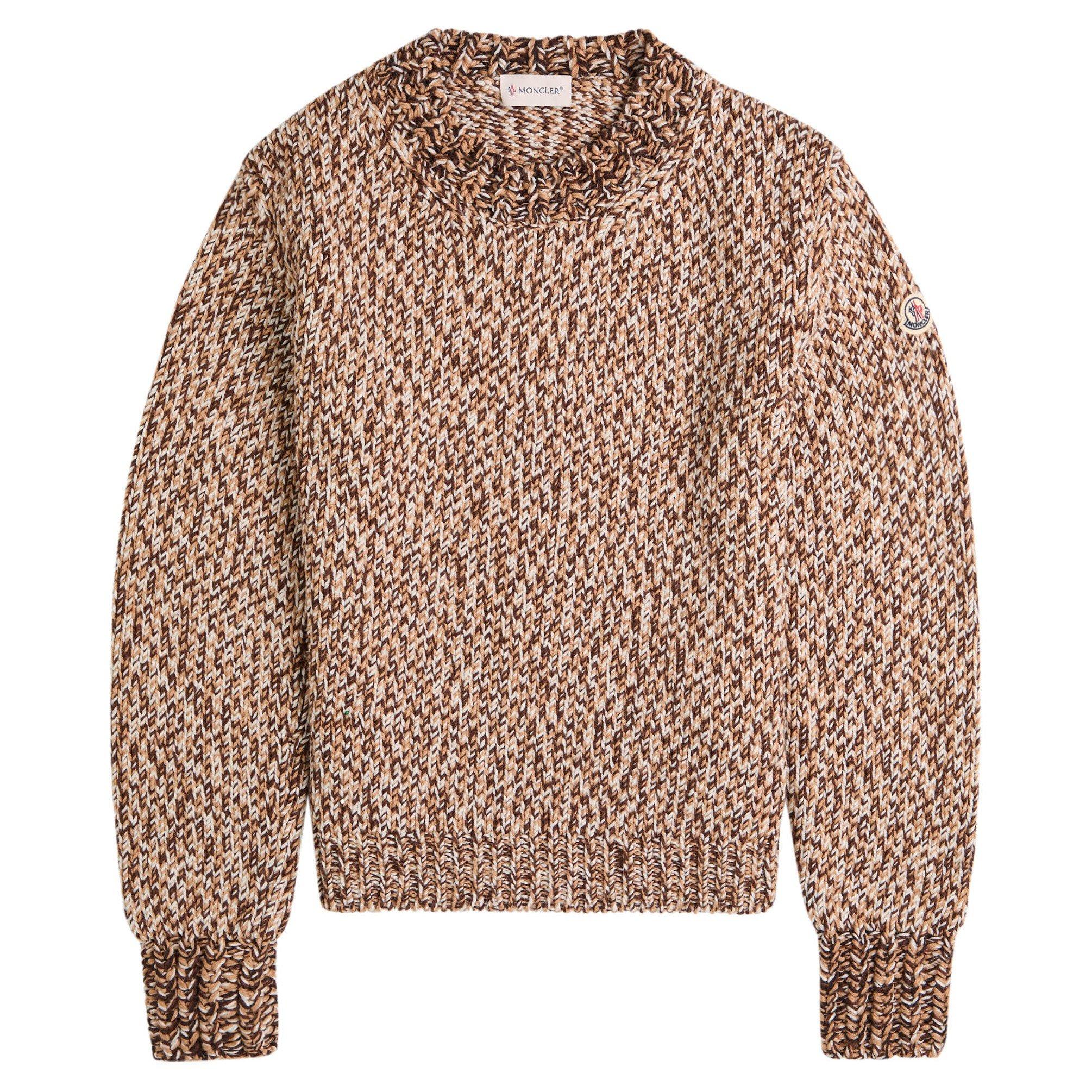 BROWN AND OTHER - Moncler - CREW NECK - 1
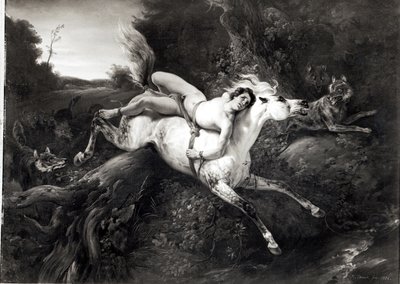 Mazeppa, 1826 by Emile Jean Horace Vernet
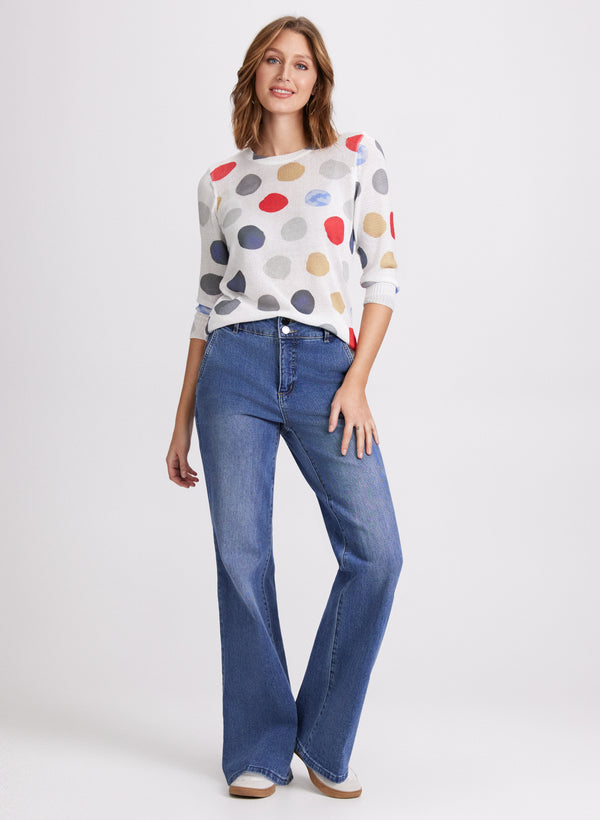 Laura Dot Print Sweater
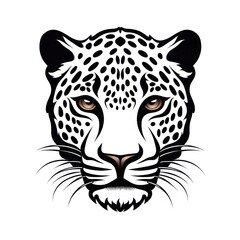 Sticker - Jaguar illustrated wildlife stencil.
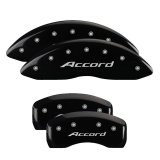 MGP 4 Caliper Covers Engraved Front Accord Engraved Rear Accord Black finish silver ch thumbnail 3
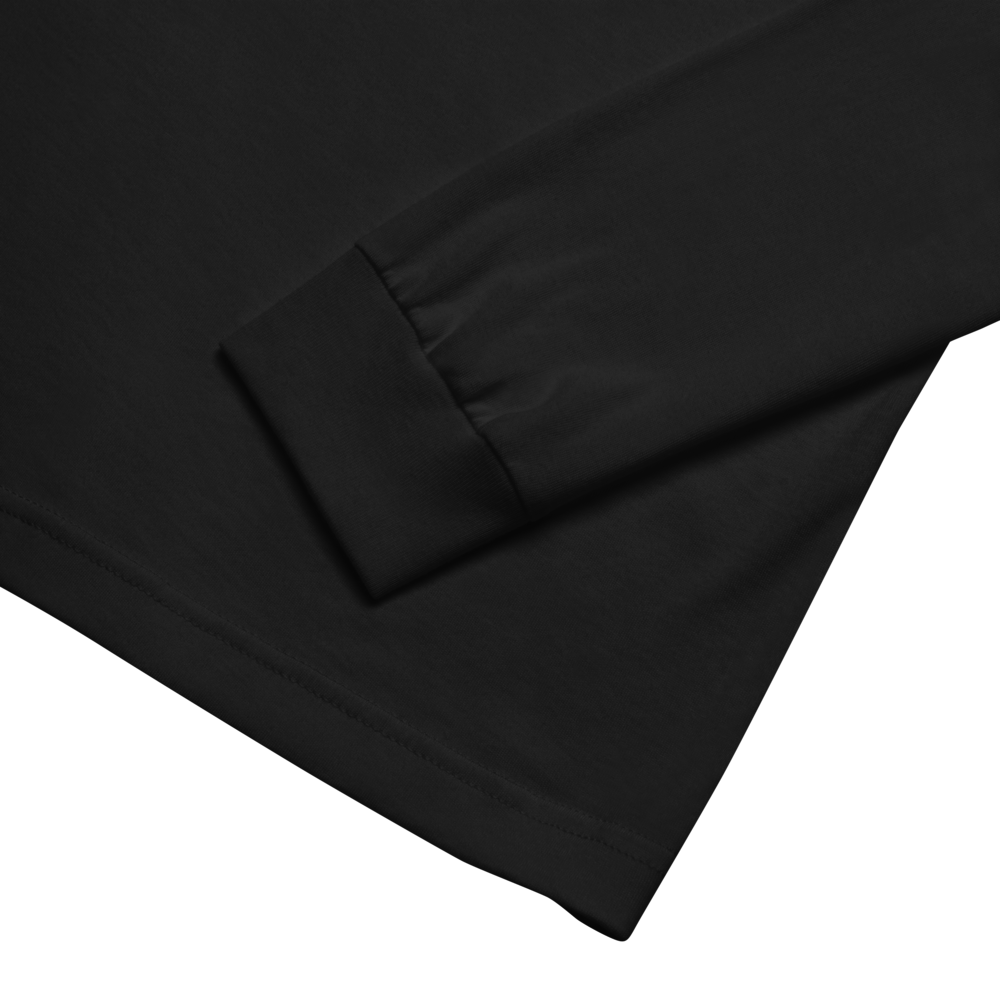 Unisex Sleeve-Shirt Black -Line No.08 "1 of 2K" by Léon LeRef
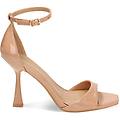 sandali nude in vernice tacco 9 5 cm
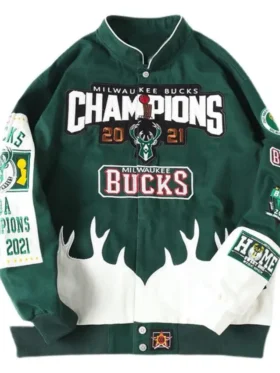 Milwaukee Bucks Championship Suede Leather Jacket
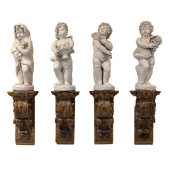 ITALIAN ROCOCO STYLE FIGURES O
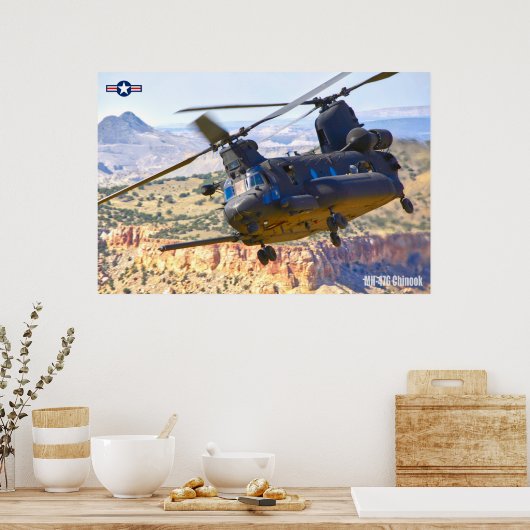 MH-47G CHINOOK POSTER (Keuken)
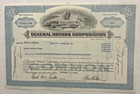      Vintage 1950s-1980s Blue Gm Stock Certificate Futurama Vignette Americana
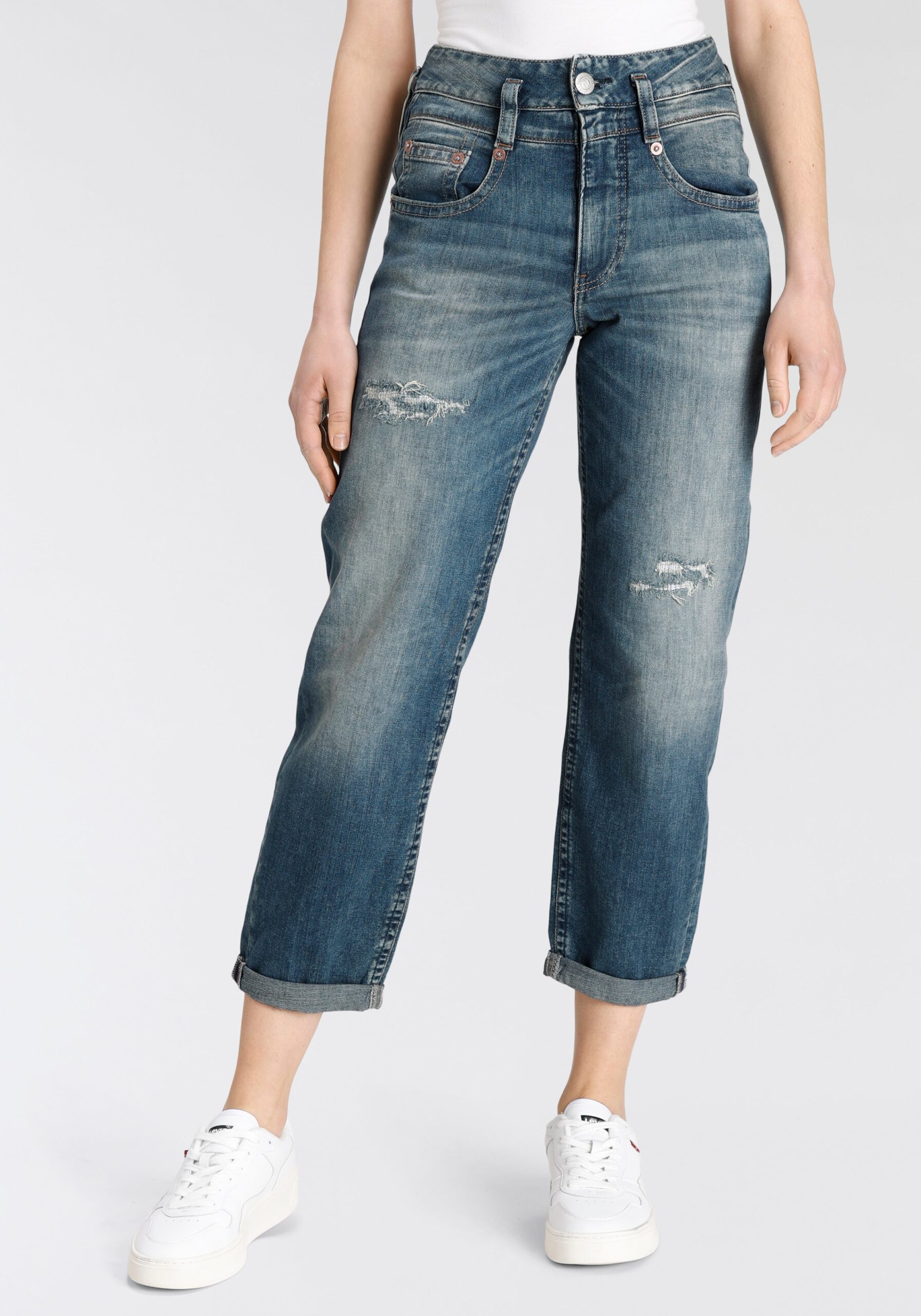 Herrlicher Boyfriend-Jeans »Jeans Pitch HI Tap Organic Denim«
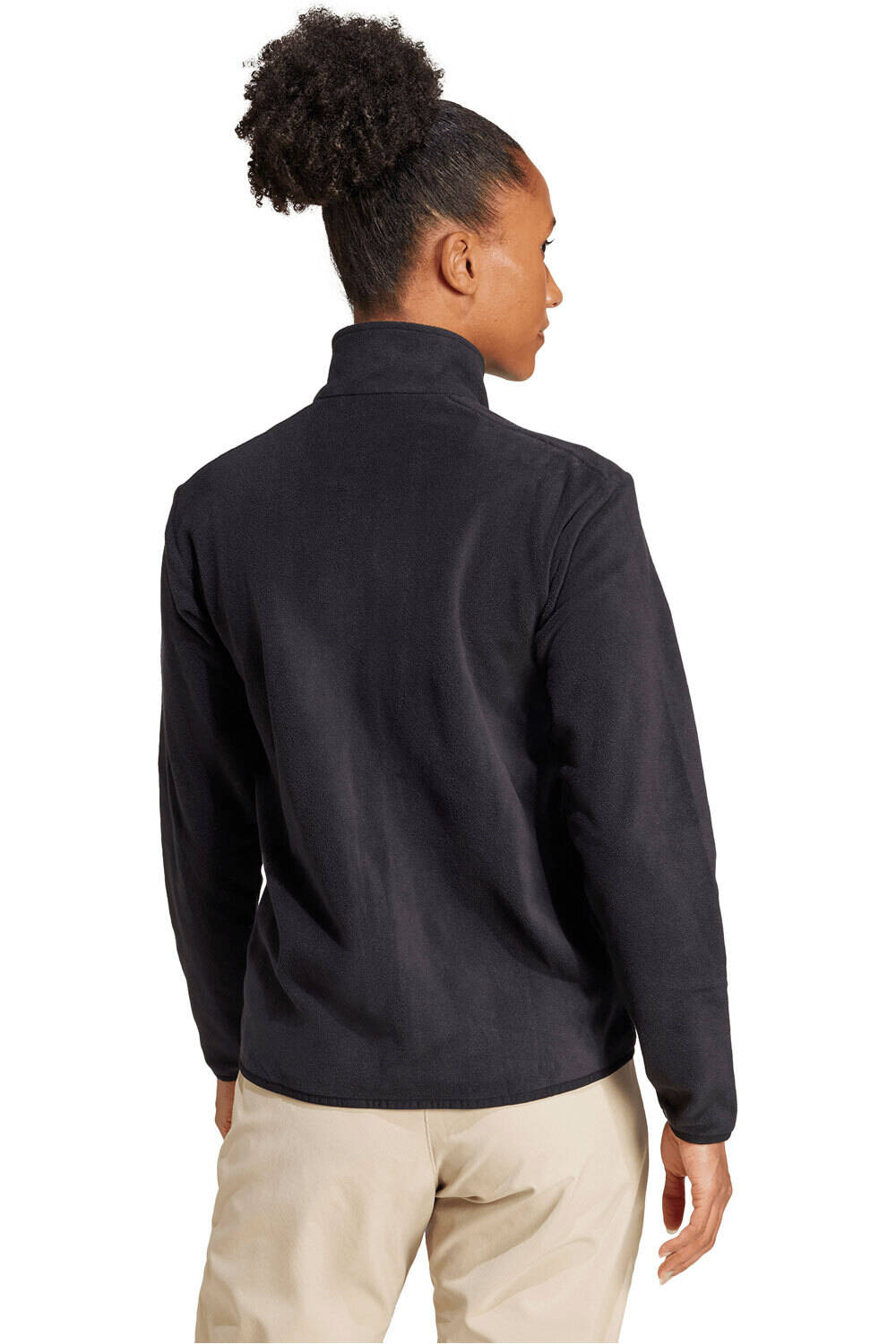 adidas forro polar mujer MULTI ESSENTIALS FLEECE vista trasera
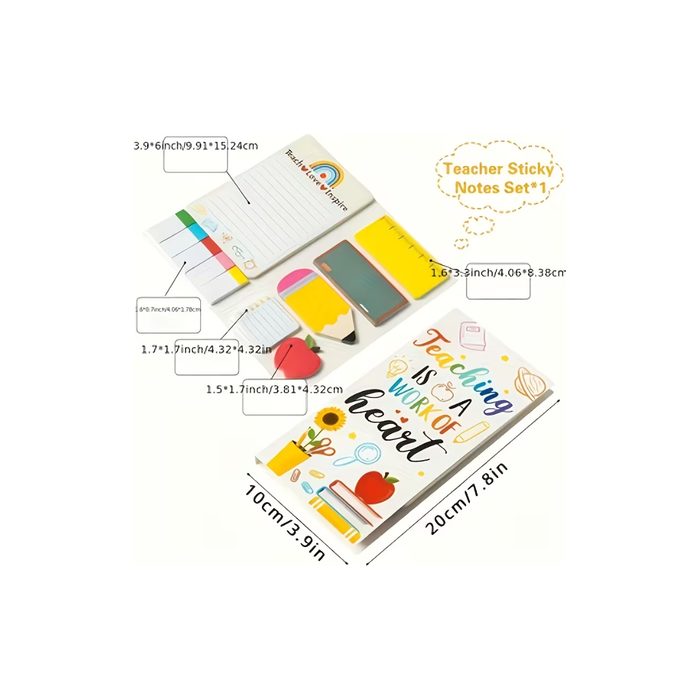 Teacher Appreciation Sticky Note Set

» **Activity**
Copy word for word the span of the records above that begins at the line with "MGP 4 Caliper" and ends at the line with "adidas forro polar", including those two lines but not the pictures.

» **Solved exercise**
 MGP 4 Caliper Covers Engraved Front Accord Engraved Rear Accord Black finish silver ch thumbnail 3
 Unisex Sleeve-Shirt Black -Line No.08 "1 of 2K" by Léon LeRef
 sandali nude in vernice tacco 9 5 cm
 Milwaukee Bucks Championship Suede Leather Jacket
 ITALIAN ROCOCO STYLE FIGURES O
 MH-47G CHINOOK POSTER (Keuken)
      Vintage 1950s-1980s Blue Gm Stock Certificate Futurama Vignette Americana
 Herrlicher Boyfriend-Jeans »Jeans Pitch HI Tap Organic Denim«
 adidas forro polar mujer MULTI ESSENTIALS FLEECE vista trasera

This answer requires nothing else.